I docenti appartenenti ad una delle predette categorie beneficiano della deroga a condizione che abbiano espresso come prima preferenza il comune, o distretto sub comunale in caso di comuni con più distretti, ove risulti residente il soggetto a cui ricongiungersi o da assistere. Il docente mantiene il diritto anche nel caso in cui prima del predetto comune o distretto sub comunale siano indicate una o più istituzioni scolastiche comprese in essi.
Il comune di residenza degli assistiti, dei figli minori di 16 anni o del genitore ultra 65enne può essere indicato a condizione che vi risiedono da almeno 3 mesi. Si prescinde da tale requisito per i figli nati nei tre mesi antecedenti il termine finale della presentazione della domanda.
In assenza di posti richiedibili nel Comune è obbligatorio indicare il comune viciniore con posti richiedibili, oppure una scuola con sede di organico in altro comune che abbia un plesso nel comune di residenza del soggetto cui ricongiungersi/assistere.
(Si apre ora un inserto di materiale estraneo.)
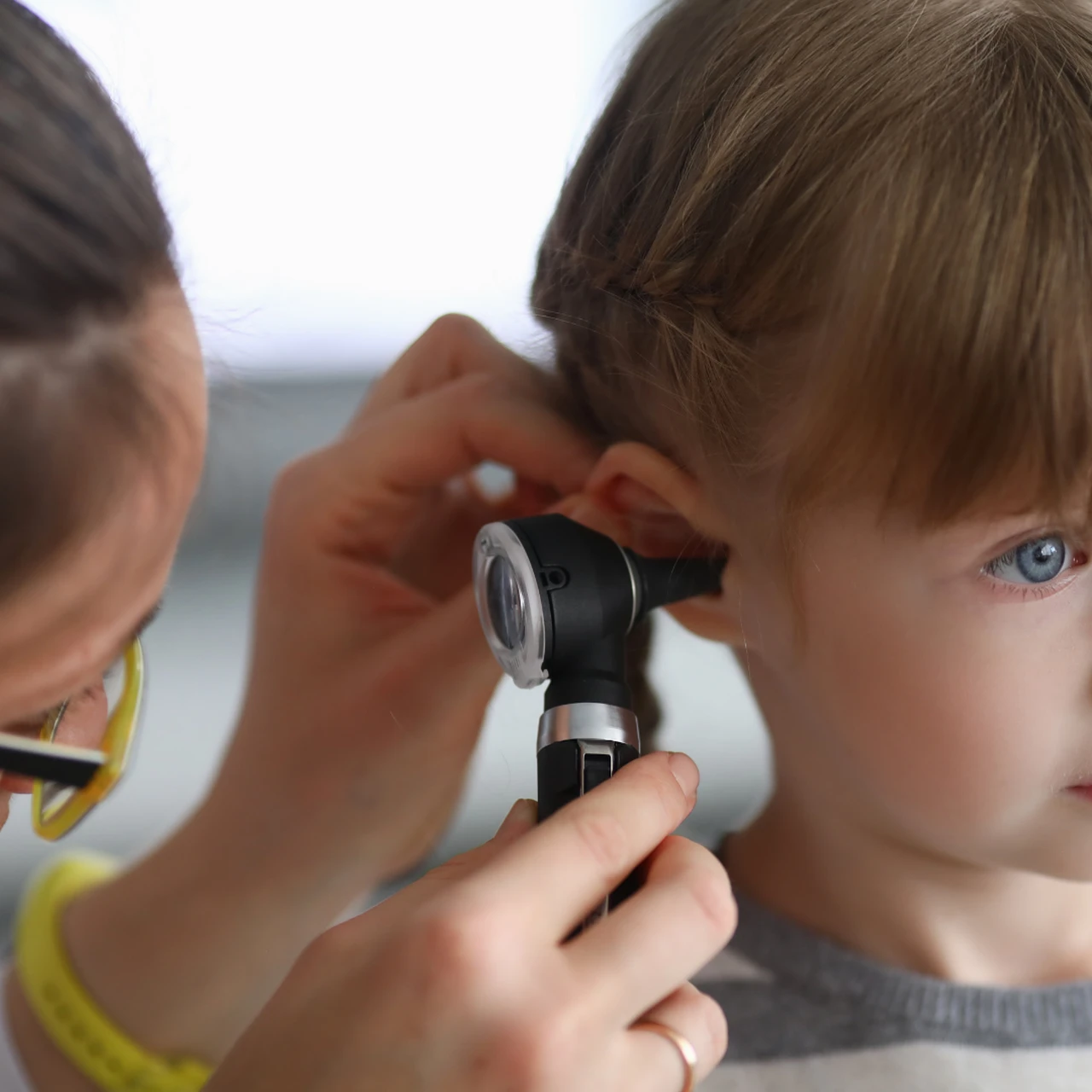 Viêm tai giữa cấp 3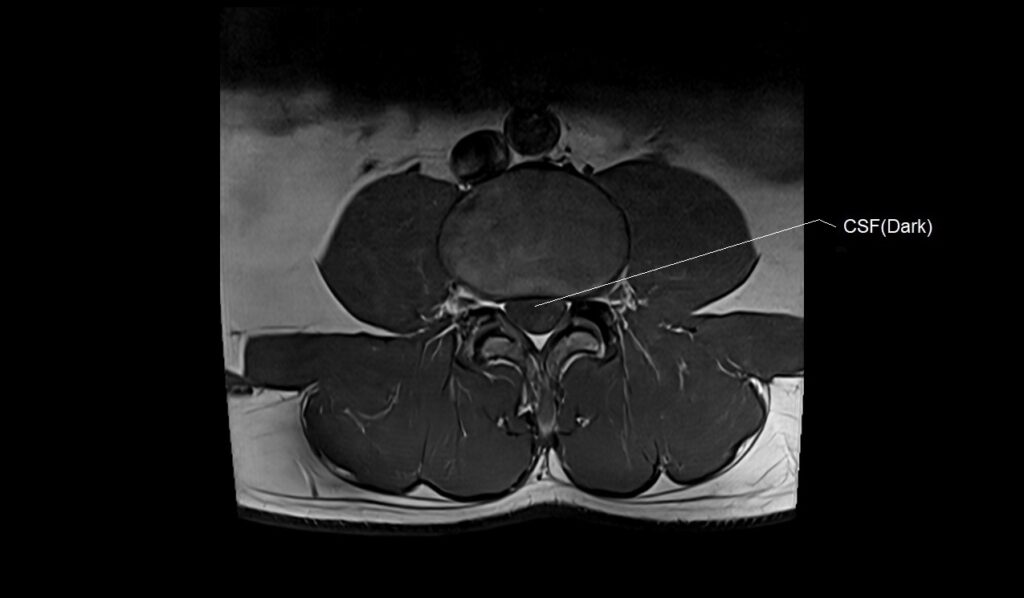 MRI T1 axial image of the spine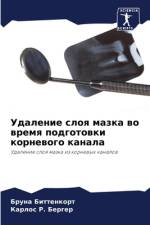 Udalenie sloq mazka wo wremq podgotowki kornewogo kanala af Bruna Bittenkort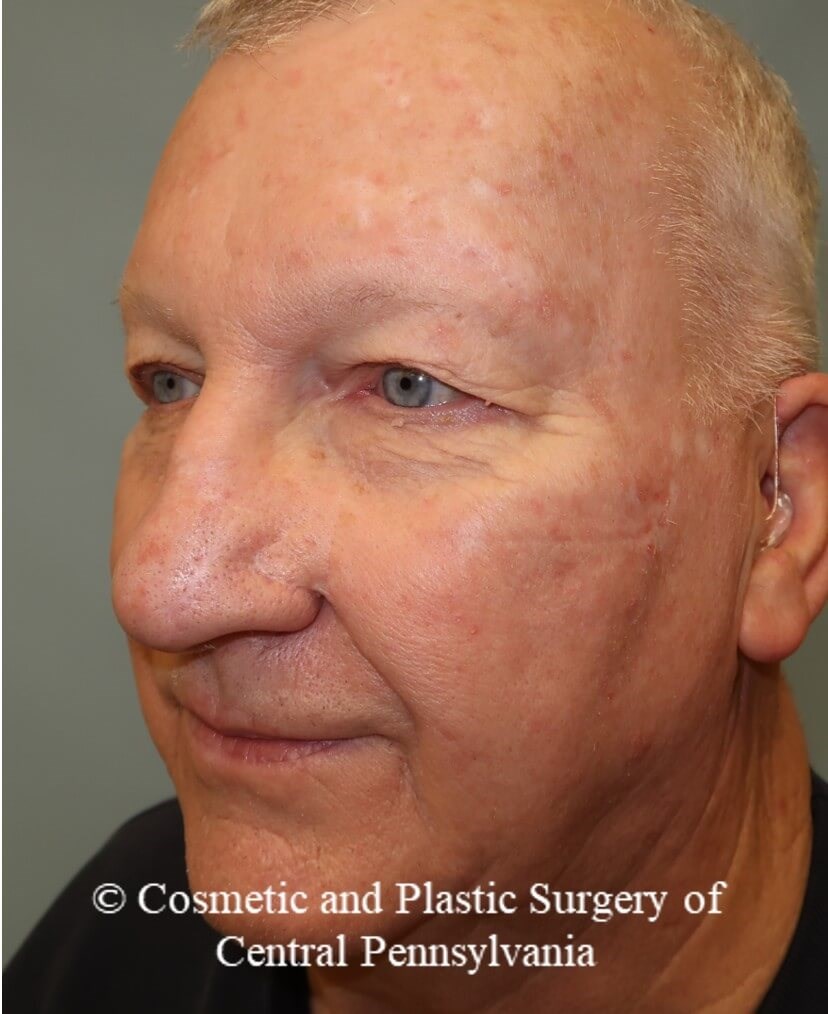 Blepharoplasty (upper eyelid) Before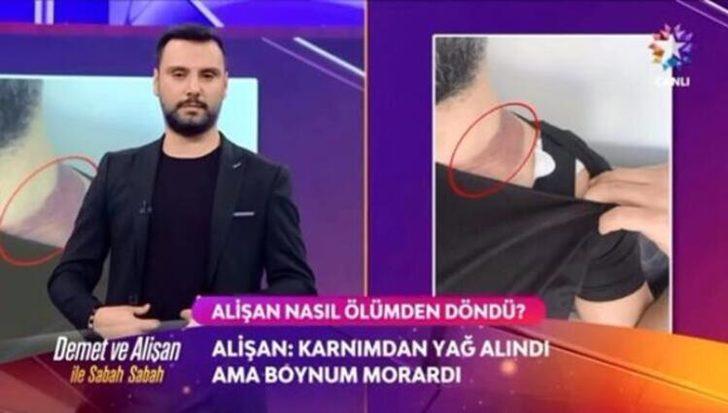 Alişan ölümden dönmüştü! Yağ aldırma davasında karar çıktı G2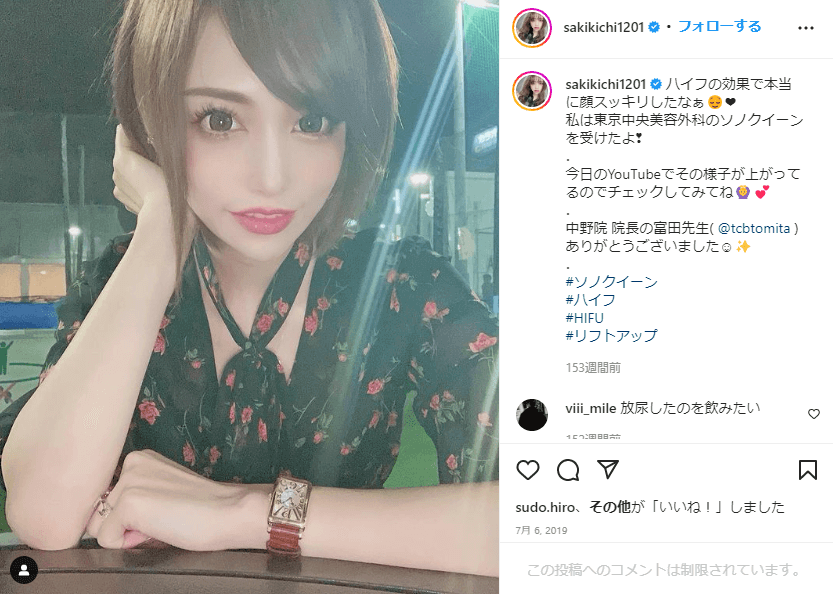サキ吉さんのTCB東京中央美容外科に関するInstagram投稿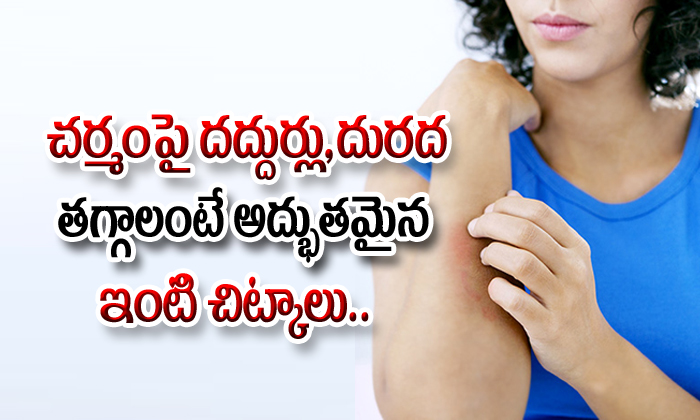  Home Remedies For Hives And Irritation-TeluguStop.com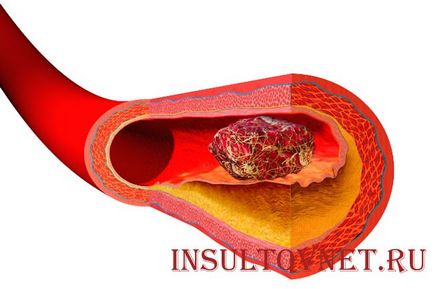 Amorteala in maini dupa un simptom de accident vascular cerebral si tratament - vii sanatosi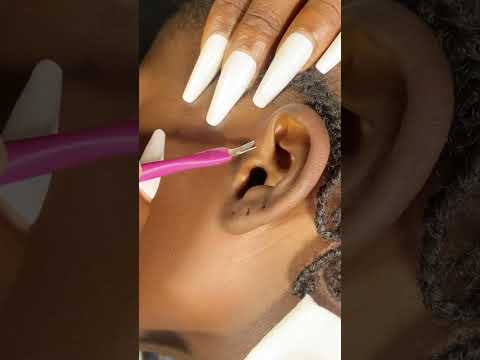 ASMR RELAXING EAR CLEANING, FACE PICKING, SCALP SCRATCHING, HAIR PLAY, GUM CHEWING|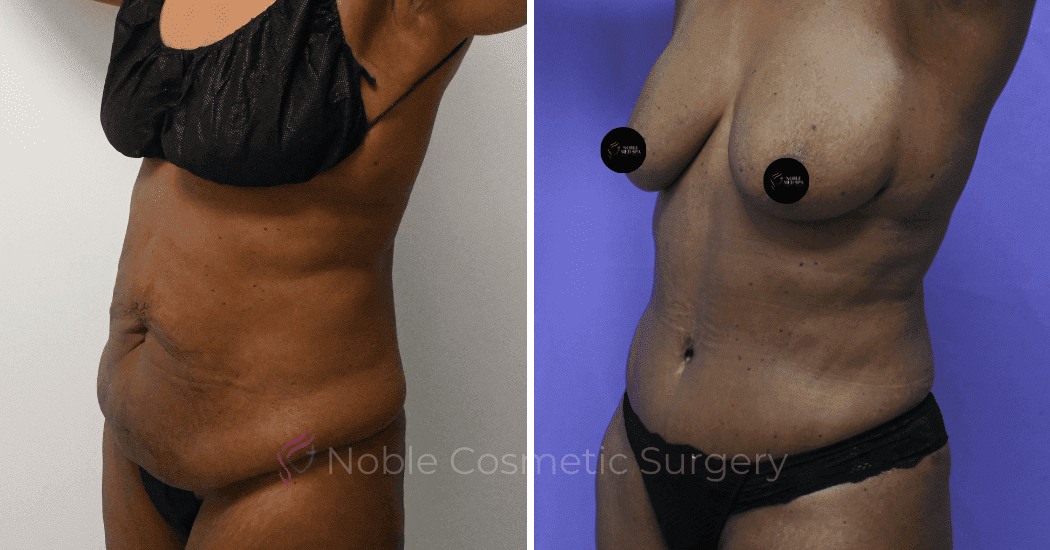 TUMMY-TUCK-CASE-10375 | Before and After Abdominoplasty 4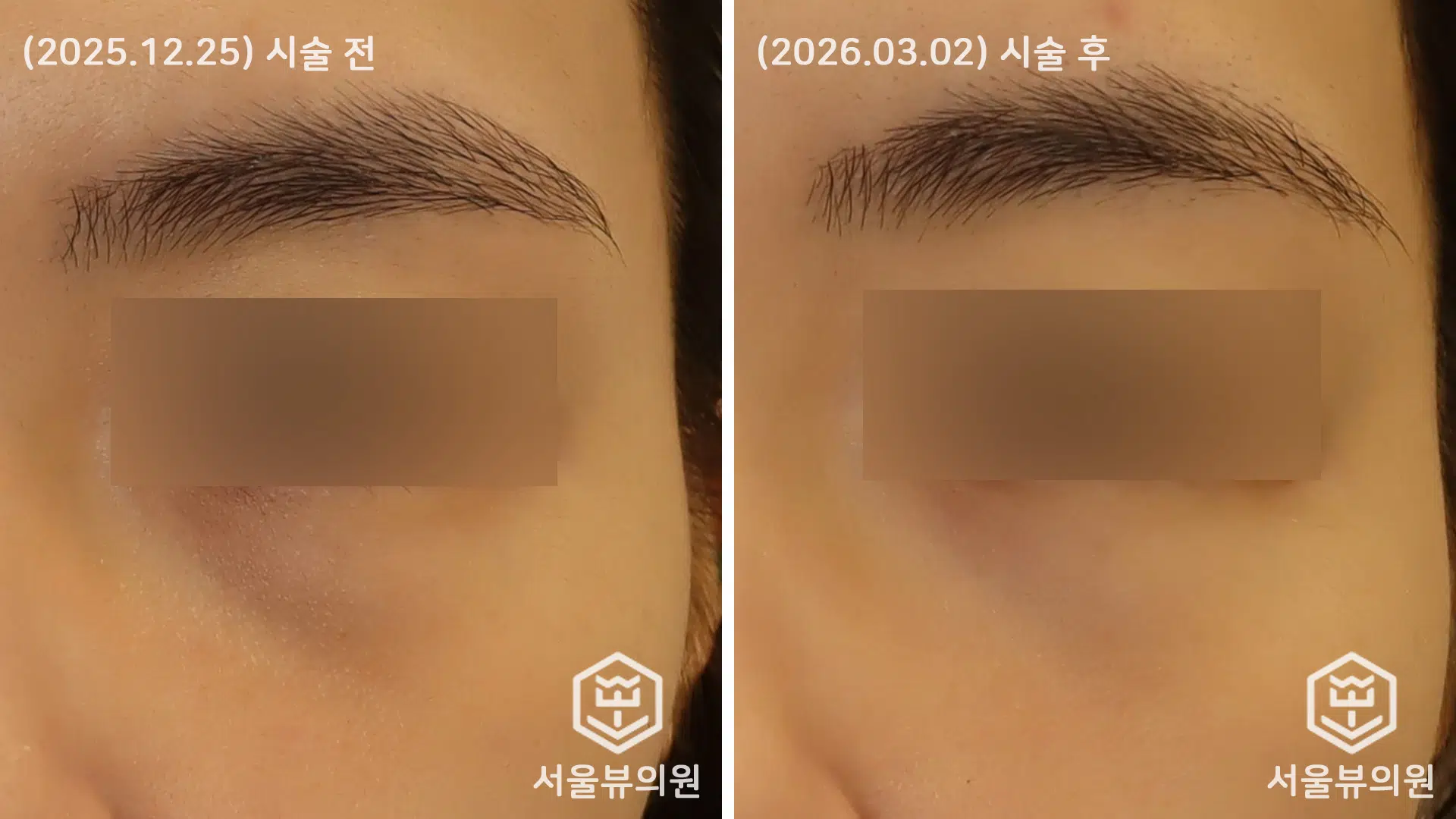 KakaoTalk 20260303 161354260 02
L’indicazione della preferenza per il Comune di ricongiungimento/assistenza o del distretto sub comunale è sempre obbligatorio. La mancata indicazione preclude la possibilità di accoglimento della domanda da parte dell’ufficio competente.
Per posto richiedibile si intende una scuola nella quale sia attivato l’insegnamento/classe di concorso di titolarità del richiedente il movimento, indipendentemente dalla sua disponibilità o vacanza.
MODALITÀ DI COMPILAZIONE DELLA DOMANDA
I docenti assunti con contratto a tempo determinato finalizzato al ruolo (ivi compresi i vincitori non abilitati del concorso PNRR 1) presentano l’istanza di assegnazione provvisoria per l’a.s.2025/26, con le medesime scadenze degli altri docenti, compilando il modello cartaceo pubblicato sul sito del MIM nella sezione Mobilità.